CS 480 Python Lab

Assigned: 8 November 2017   Due: 17 November 2017

Note: This lab must be completed using Python 2.7 rather than Python 3.

In this assignment you will experiment with and extend some existing Python code to do stylometry. Stylometry is the statistical analysis of a written text to try to identify characteristics of the author's writing style and (perhaps) to identify the authorship of anonymous or disputed works.

You will start with my code in the file mytext.py which is based on the text.py file from the textbook authors. This code in turn requires the files agents.py, logic.py, probability.py, search.py and utils.py. I suggest that you download all of these files to a new directory. In this same directory you can also download the text files that you can explore: bleakhouse.txt by Charles Dickens, and moonstone.txt by Wilkie Collins. flatland.txt by Abbott, sense.txt (aka Sense and Sensibility) by Jane Austen and pride.txt (aka Pride and Prejudice) also by Jane Austen. The file secret.txt contains a text whose authorship you will try to identify.
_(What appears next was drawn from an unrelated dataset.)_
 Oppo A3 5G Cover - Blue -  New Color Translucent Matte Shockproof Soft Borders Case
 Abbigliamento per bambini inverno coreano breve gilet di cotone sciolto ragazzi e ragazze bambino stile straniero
After downloading all of these files and "compiling" mytext.py you can look at the function mycode() toward the bottom of this file. This has my reasonably well documented code that does various stylometric analyses of the texts Flatland, Sense and Sensibility and Pride and Prejudice. You might look at my effort as trying to show that Pride is more likely to be written by the author of Sense than by the author of Flatland. We will discuss this code more in class.

Your assignment is to do stylometric analyses to compare the works of Dickens and Collins, then try to identify the author of the unknown text. You should write up a short document that describes (in English, perhaps laced with code) the tests that you ran and the conclusion that you have come to. I expect this document will amount to no more than a page or two, and it is entirely likely that you won't come any any definitive conclusions. But I want you to try to base your decision on evidence.

You should hand in a paper copy of your document that discusses your results and conclusions.